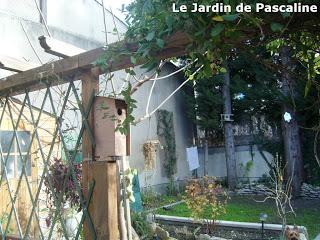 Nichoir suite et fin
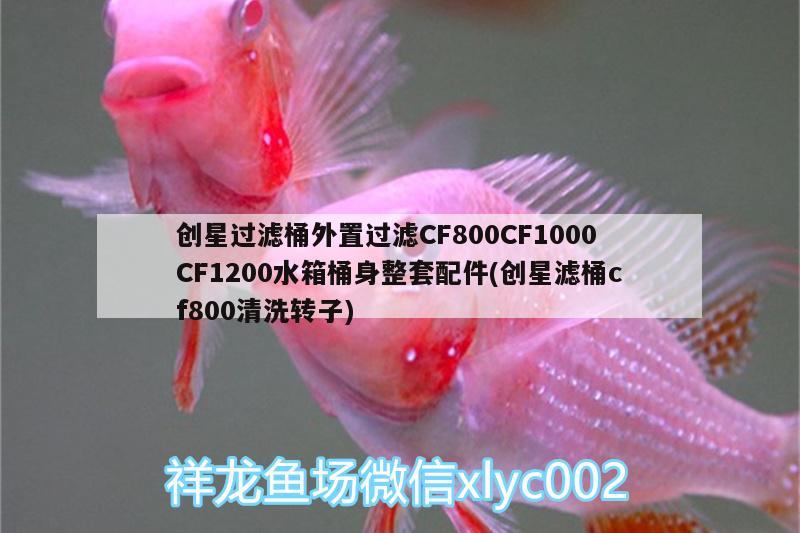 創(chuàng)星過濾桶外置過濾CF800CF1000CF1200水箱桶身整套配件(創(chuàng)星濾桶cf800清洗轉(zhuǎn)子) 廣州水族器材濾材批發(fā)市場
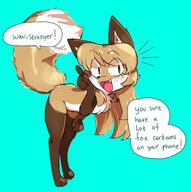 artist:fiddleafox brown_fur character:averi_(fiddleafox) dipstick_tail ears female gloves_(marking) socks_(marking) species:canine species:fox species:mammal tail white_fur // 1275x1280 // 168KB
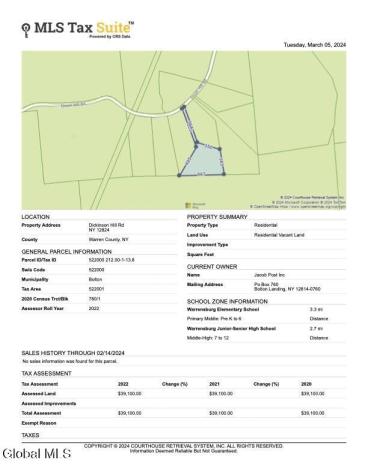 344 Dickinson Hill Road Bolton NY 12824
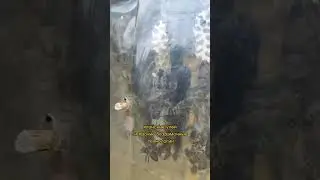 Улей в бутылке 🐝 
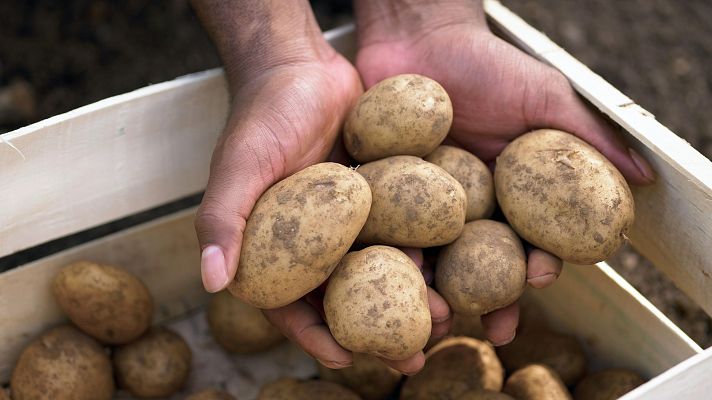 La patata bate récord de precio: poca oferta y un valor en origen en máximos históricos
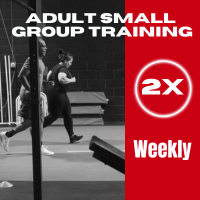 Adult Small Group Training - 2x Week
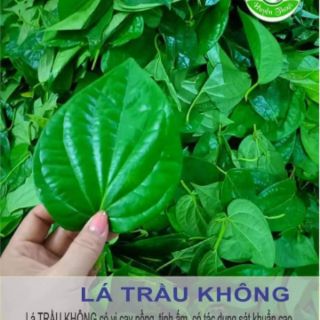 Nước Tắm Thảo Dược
+++
Repeat each line word for word, from the one with "La patata bate" down to the last line of the data, and keep the pictures out of it.

• **Output of the exercise**
 La patata bate récord de precio: poca oferta y un valor en origen en máximos históricos
 Adult Small Group Training - 2x Week
 Nước Tắm Thảo Dược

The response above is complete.